Las imágenes del proyector correspondían a una representación de la ópera. Un corpulento tenor, sobre el escenario de la Scala de Milán, interpretaba el sobrecogedor papel de Mefistófeles, señor de los avernos, cuando se ofrece a Fausto para ser su siervo en esta tierra, con la condición de que Fausto sea su propio siervo en el infierno.

«¡Si aceptas, sólo tienes que abrir tu mantón y volar por los aires!»

—Llegas puntual —exclamó Grieg, sentado en una butaca de diseño, y en su rostro se reflejaban alternativamente las caras de Mefistófeles y Fausto.

Grieg se levantó y pulsó una tecla del ordenador. Las luces y la música cesaron al instante, y las Ramblas volvieron a alargarse onduladamente en la oscuridad de la noche como si fueran una serpiente luminosa.

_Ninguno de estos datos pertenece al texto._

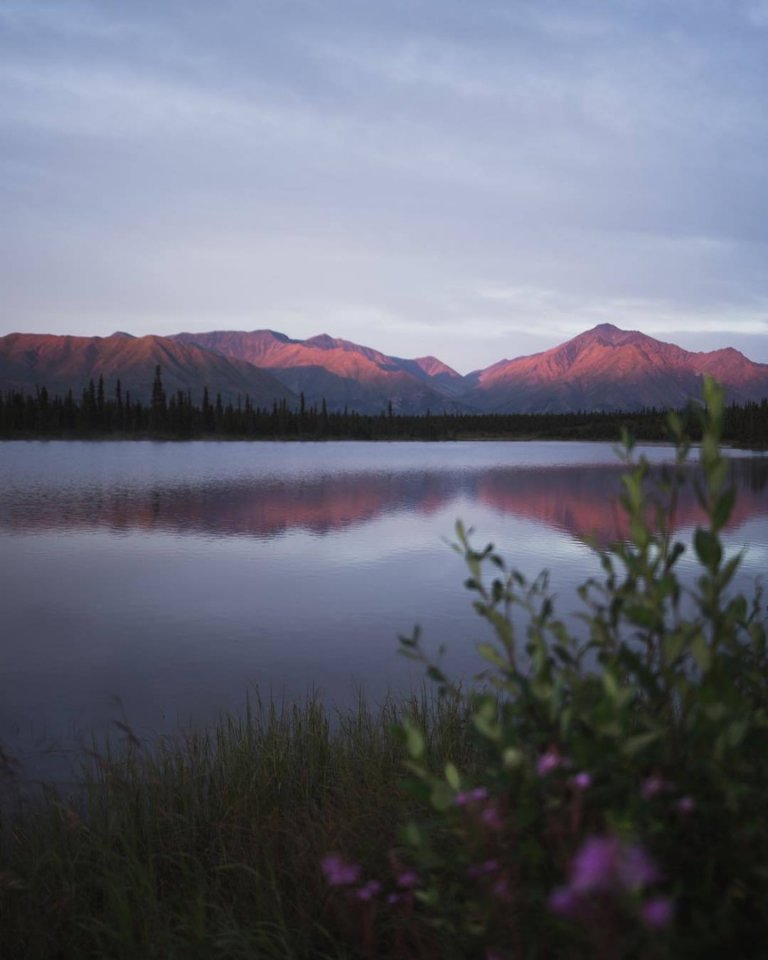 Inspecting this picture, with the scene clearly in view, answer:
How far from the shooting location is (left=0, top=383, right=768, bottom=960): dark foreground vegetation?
8.84 ft

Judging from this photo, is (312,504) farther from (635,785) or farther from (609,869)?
(609,869)

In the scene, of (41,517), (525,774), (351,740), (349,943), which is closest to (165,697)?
(351,740)

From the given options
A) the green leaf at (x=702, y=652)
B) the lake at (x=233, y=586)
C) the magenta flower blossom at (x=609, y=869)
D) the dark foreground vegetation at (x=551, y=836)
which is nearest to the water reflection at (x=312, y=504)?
the lake at (x=233, y=586)

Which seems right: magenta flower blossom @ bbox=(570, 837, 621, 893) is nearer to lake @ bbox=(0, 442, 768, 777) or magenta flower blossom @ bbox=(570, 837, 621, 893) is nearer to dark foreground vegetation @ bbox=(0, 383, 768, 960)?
dark foreground vegetation @ bbox=(0, 383, 768, 960)

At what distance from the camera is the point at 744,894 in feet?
9.47

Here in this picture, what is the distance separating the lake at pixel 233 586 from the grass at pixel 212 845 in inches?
96.2

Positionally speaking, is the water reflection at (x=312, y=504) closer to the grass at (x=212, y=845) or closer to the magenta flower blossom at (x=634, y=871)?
the grass at (x=212, y=845)

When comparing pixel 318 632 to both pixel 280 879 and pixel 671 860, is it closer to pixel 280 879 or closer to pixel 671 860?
pixel 280 879

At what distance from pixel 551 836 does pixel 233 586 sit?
21054 millimetres

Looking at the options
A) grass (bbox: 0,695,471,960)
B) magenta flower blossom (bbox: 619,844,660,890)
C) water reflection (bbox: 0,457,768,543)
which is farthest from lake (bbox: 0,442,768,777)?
grass (bbox: 0,695,471,960)

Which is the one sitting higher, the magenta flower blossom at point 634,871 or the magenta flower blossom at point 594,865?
the magenta flower blossom at point 594,865

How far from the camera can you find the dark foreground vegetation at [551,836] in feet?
8.84

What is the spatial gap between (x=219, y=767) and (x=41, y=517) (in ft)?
106

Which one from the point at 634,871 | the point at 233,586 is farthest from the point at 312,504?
the point at 634,871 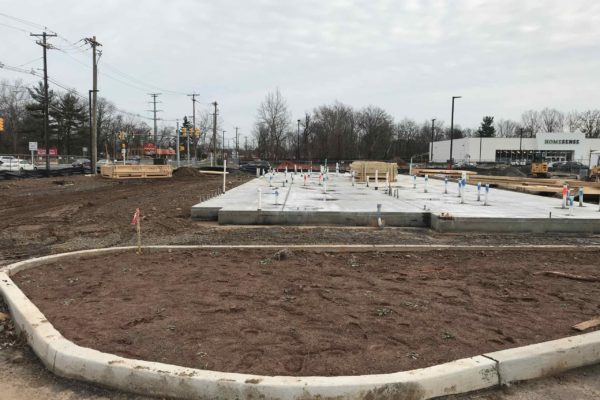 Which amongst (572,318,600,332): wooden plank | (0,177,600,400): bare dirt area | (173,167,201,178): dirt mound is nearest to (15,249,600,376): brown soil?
(572,318,600,332): wooden plank

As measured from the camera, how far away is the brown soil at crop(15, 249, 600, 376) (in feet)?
13.6

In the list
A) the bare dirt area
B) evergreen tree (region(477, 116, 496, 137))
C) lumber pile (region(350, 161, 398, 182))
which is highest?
evergreen tree (region(477, 116, 496, 137))

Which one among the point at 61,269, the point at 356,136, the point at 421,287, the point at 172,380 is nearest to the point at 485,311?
the point at 421,287

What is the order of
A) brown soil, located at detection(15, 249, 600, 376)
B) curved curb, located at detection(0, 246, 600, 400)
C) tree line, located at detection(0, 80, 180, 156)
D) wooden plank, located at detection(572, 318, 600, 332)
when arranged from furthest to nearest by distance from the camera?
tree line, located at detection(0, 80, 180, 156) < wooden plank, located at detection(572, 318, 600, 332) < brown soil, located at detection(15, 249, 600, 376) < curved curb, located at detection(0, 246, 600, 400)

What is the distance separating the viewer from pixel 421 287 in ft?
20.8

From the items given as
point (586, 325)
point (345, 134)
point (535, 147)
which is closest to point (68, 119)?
point (345, 134)

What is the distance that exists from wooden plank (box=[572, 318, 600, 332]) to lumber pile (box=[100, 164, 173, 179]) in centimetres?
3676

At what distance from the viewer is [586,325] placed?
4812 millimetres

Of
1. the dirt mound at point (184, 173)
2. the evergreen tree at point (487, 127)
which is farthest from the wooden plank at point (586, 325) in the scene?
the evergreen tree at point (487, 127)

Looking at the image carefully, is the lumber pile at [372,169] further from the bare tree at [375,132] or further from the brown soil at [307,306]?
the bare tree at [375,132]

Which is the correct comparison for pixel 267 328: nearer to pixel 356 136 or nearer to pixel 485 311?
pixel 485 311

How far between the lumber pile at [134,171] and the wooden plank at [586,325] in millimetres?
36762

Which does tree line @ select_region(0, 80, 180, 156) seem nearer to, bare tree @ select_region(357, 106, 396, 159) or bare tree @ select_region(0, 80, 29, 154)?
bare tree @ select_region(0, 80, 29, 154)

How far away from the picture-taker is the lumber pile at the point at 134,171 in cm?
3744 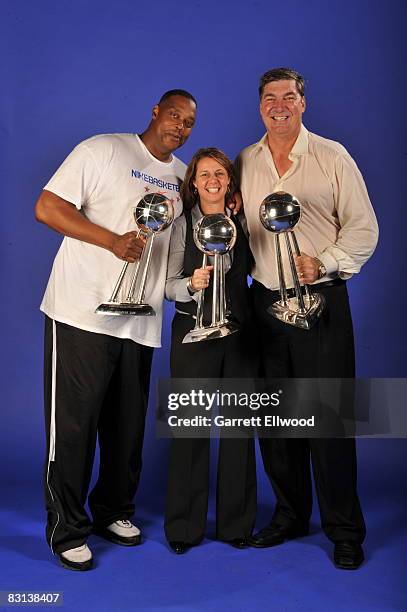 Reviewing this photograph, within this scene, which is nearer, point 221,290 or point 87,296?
point 221,290

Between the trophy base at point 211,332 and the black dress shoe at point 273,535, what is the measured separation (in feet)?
2.41

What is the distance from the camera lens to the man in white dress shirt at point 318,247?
271 centimetres

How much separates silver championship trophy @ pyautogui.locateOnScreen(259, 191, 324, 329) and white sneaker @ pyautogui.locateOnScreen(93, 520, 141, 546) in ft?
2.93

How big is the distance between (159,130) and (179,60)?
70cm

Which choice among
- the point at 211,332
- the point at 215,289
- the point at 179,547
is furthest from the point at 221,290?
the point at 179,547

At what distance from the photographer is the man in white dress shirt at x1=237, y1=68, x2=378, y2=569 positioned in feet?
8.89

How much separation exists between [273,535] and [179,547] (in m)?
0.33

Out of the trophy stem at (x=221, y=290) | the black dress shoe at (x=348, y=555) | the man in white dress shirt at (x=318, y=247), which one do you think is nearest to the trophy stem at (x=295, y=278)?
the man in white dress shirt at (x=318, y=247)

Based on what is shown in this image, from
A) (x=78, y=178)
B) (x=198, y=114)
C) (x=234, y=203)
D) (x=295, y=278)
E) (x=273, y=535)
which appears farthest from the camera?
(x=198, y=114)

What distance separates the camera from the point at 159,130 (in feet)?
9.23

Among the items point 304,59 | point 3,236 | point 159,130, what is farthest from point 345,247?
point 3,236

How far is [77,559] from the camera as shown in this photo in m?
2.67

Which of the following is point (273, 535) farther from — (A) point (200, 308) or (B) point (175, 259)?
(B) point (175, 259)

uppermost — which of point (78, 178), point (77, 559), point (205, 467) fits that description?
point (78, 178) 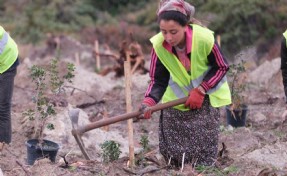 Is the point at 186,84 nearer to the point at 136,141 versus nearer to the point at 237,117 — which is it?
the point at 136,141

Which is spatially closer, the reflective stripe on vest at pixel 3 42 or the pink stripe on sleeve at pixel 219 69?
the pink stripe on sleeve at pixel 219 69

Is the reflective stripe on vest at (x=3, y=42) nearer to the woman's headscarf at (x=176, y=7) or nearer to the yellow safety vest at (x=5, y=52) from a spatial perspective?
the yellow safety vest at (x=5, y=52)

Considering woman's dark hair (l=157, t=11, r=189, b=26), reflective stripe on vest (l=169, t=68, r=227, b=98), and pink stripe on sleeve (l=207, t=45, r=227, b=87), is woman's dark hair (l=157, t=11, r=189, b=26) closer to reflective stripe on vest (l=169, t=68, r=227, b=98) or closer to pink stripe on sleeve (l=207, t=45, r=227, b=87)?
pink stripe on sleeve (l=207, t=45, r=227, b=87)

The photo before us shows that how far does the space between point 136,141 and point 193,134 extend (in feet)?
9.61

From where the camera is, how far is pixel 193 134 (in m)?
5.25

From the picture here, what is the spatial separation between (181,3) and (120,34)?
22174 millimetres

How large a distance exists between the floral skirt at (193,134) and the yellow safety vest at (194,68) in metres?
0.10

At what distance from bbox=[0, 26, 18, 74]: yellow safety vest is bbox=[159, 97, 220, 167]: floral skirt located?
5.58 ft

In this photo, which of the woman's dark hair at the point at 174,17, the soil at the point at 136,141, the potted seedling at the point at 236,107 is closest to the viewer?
the woman's dark hair at the point at 174,17

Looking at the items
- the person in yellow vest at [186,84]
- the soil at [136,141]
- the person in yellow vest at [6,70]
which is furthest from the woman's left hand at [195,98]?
the person in yellow vest at [6,70]

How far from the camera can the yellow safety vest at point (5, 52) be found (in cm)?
598

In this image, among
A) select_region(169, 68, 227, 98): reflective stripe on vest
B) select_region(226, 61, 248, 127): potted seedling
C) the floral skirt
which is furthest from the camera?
select_region(226, 61, 248, 127): potted seedling

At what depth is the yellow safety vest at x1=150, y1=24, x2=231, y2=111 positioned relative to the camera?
16.0 feet

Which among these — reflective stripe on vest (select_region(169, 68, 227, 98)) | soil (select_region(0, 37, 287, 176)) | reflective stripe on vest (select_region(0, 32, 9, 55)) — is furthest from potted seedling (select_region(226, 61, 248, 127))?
reflective stripe on vest (select_region(0, 32, 9, 55)) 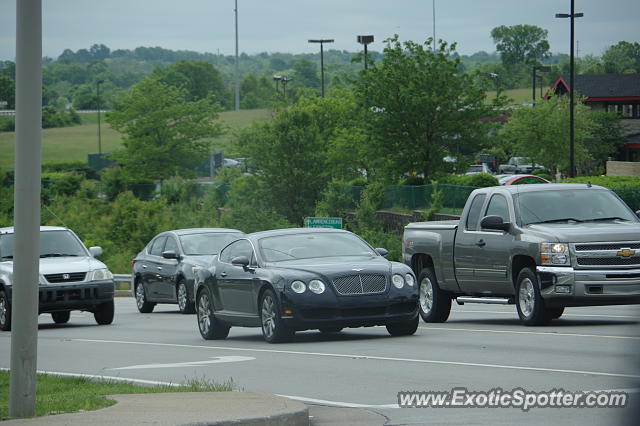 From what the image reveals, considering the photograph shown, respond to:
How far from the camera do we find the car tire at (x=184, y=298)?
2663 cm

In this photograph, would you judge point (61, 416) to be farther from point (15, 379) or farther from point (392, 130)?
point (392, 130)

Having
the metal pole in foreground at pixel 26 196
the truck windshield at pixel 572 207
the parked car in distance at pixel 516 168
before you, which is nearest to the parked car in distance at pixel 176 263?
the truck windshield at pixel 572 207

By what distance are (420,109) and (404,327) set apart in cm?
3482

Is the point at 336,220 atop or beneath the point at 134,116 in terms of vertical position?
beneath

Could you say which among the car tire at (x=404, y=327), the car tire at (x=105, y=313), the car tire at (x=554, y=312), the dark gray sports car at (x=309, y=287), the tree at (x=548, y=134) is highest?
the tree at (x=548, y=134)

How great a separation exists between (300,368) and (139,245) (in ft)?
192

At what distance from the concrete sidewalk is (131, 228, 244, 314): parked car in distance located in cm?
1559

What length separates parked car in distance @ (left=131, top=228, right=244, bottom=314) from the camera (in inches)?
1044

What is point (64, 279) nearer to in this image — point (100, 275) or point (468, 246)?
point (100, 275)

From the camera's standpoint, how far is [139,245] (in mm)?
71438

Lorena, con el rictus apretado, dejó sobre una mesa la cajita con la rosa.

—Me gustaría que me aclarases a qué viene el impostado servilismo del director del hotel y, sobre todo, qué pretendes regalándome esta rosa —exigió.

—Ay, Lorena… ¡Suponiendo que ése sea realmente tu nombre…! —exclamó socarronamente Grieg mientras tecleaba una dirección en el ordenador—. Deberías comer algo y descansar, porque supongo que querrás estar radiante en la función extraordinaria que tendrá lugar en el Liceo esta madrugada. Ya sabes, nada menos que el
Mefistofele
de Arrigo Boito… Por cierto, una de mis óperas preferidas. Supongo que te habrás acordado de mí, ¿no? Lo digo por las invitaciones… ¿Me equivoco?